En fait, présenté comme ça, on dirait un spectacle de fin d’année, à l’Institut Jean XXIII de Vaux-sur-Sûre. Mais en plus classe. Avec une petite scène, des rangées de chaises écarlates. Et des tonnes de vieux. Au moins, y’a une vieille marrante devant moi, parce qu’elle a la coupe à Jean-Marie Pfaff et que sa veste à damiers accroche 16% de mon regard, quel que soit le numéro. Le bourgmestre Freddy Thielemans chauffe les premiers rangs, y’a du people sévère, mais que fait Ciné-Télé-Revue?

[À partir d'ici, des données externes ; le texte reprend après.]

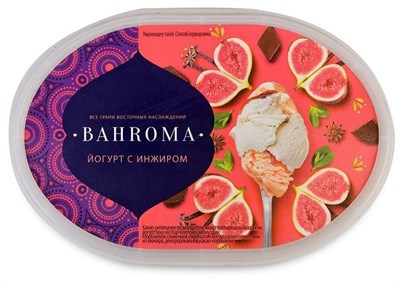 Мороженое Bahroma Йогурт с инжиром 450гр ванна - фото 19837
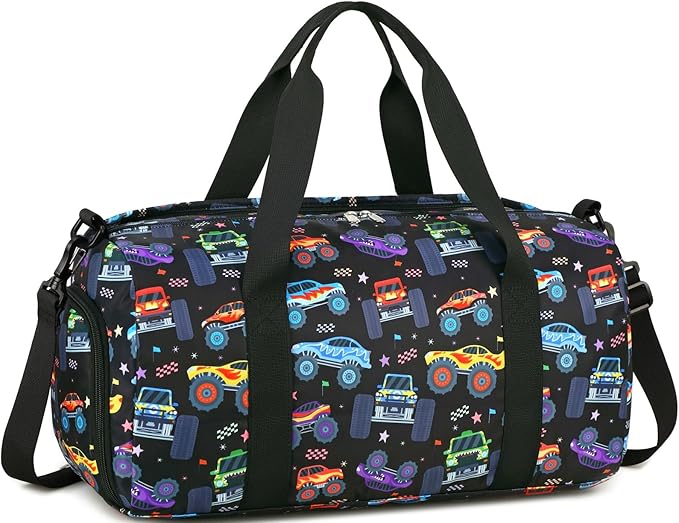 CAMTOP Kids Duffel Bag Boys Toddler Overnight Bag Small Weekender Carry-On Tote for Travel Gym Sport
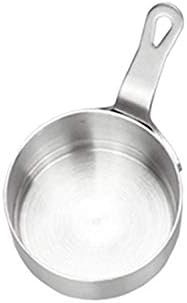 ZYZZ 12cm Non-stick Frying Pans Stainless Steel Egg Pancake Pan silver Multifunction Egg dumplings breakfast cooking Omelette Pan (Sheet Size : S)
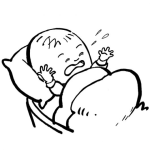 Dibujo para colorear Dibujo De Bebe Llorando Para Pintar Y Colorear El Llanto De Un Bebito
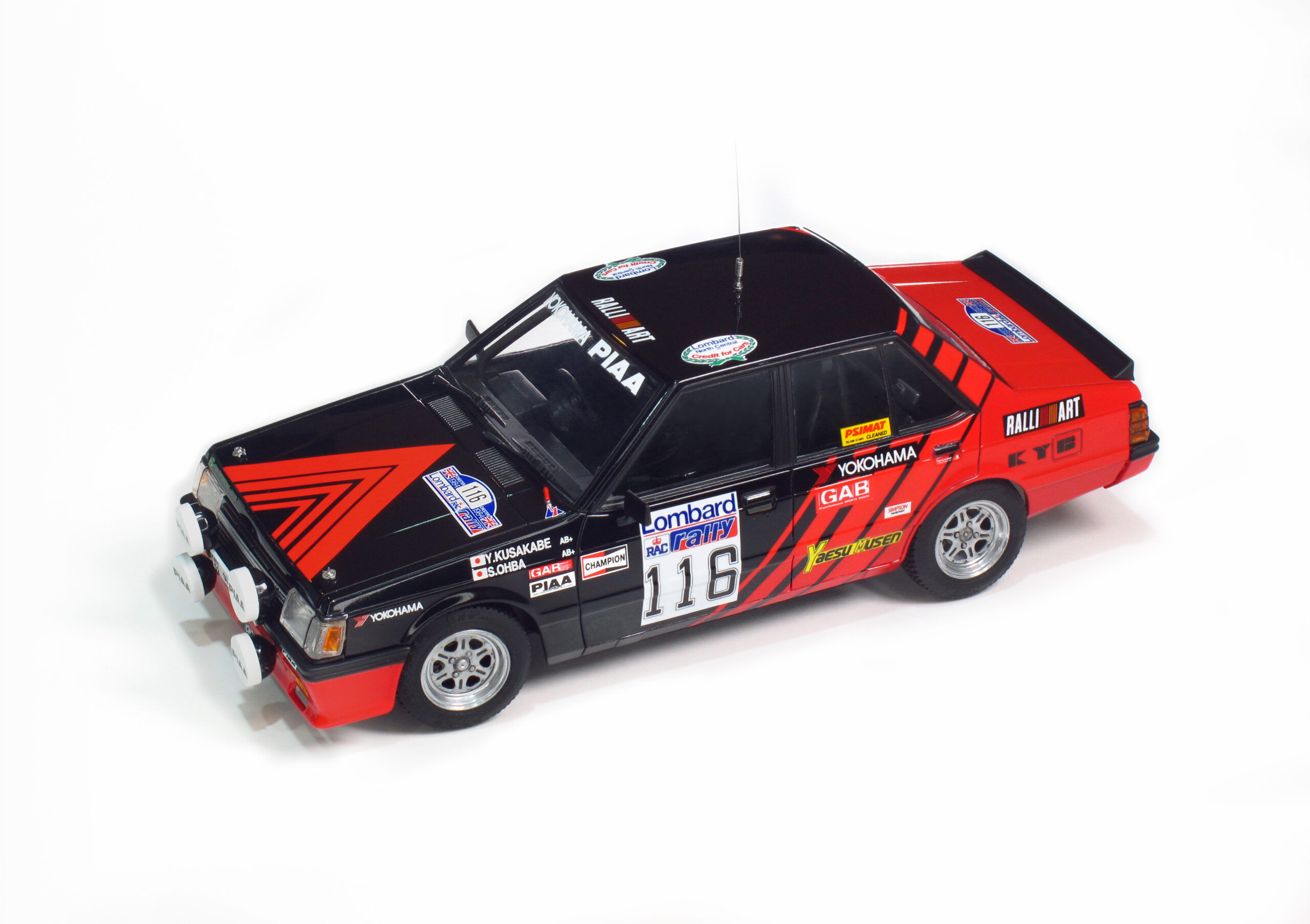 Beemax 1:24 Mitsubishi Lancer Turbo RAC Rally 1984 BM24022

On stage, les filles du Crazy Horse s’activent. Le corps et le visage enfuis dans le néant, elles agitent uniquement leurs guibolles et leurs fesses dans un ballet aérien aussi précis qu’envoûtant. Ca claque. Ca claque vraiment et c’est soufflant. Avec ma copine et Simon le Saint, qui porte une casquette, on se jauge et on approuve. Enchaînement. Les numéros se suivent, convaincants, minutieux, entraînants, sexy. Parfois un peu kitschounets les strip-teases, mais jamais lourdingues. Bon moment.

Alain Bernardin, le fondateur du Crazy Horse, privilégiait les filles en formes, seins et fesses rebondis mais taille de guêpe, pas plus d’1m72. Cabaret érotique oblige, Simon Le Saint, qui porte une casquette, me glisse, avec l’accent du dépeceur de Mons: « Ca m’excite » ou, variante, « elles sont à quel hôtel? ». Classique. Avec des bombes pareilles sur scènes, seins nus et string de série, les mâles ont deux options pour la suite de la soirée: démembrer leur épouse en rentrant ou chanter « A nos actes manqués » en dormant dans le fauteuil. Faut pas se mentir, ça titille les haricots, des créatures aussi généreuses. Alors, pour calmer les caleçons, le Crazy Horse se la délire Patrick Sebastien, avec deux saltimbanques qui se déshabillent et se rhabillent en jonglant. Tabac, salle au bord de la standing-ovation: les deux seuls mecs de la troupe raflent la mise! Paradoxal. Aussi, ça se finit brutal, comme ça, sans rappel, sur un dernier numéro sympa, à base de pole dance chorégraphié à la serpe. Et de rideau qui se ferme définitivement. Il est 21h41. Pas trop, pas trop peu. Je reviendrai. Si on m’invite.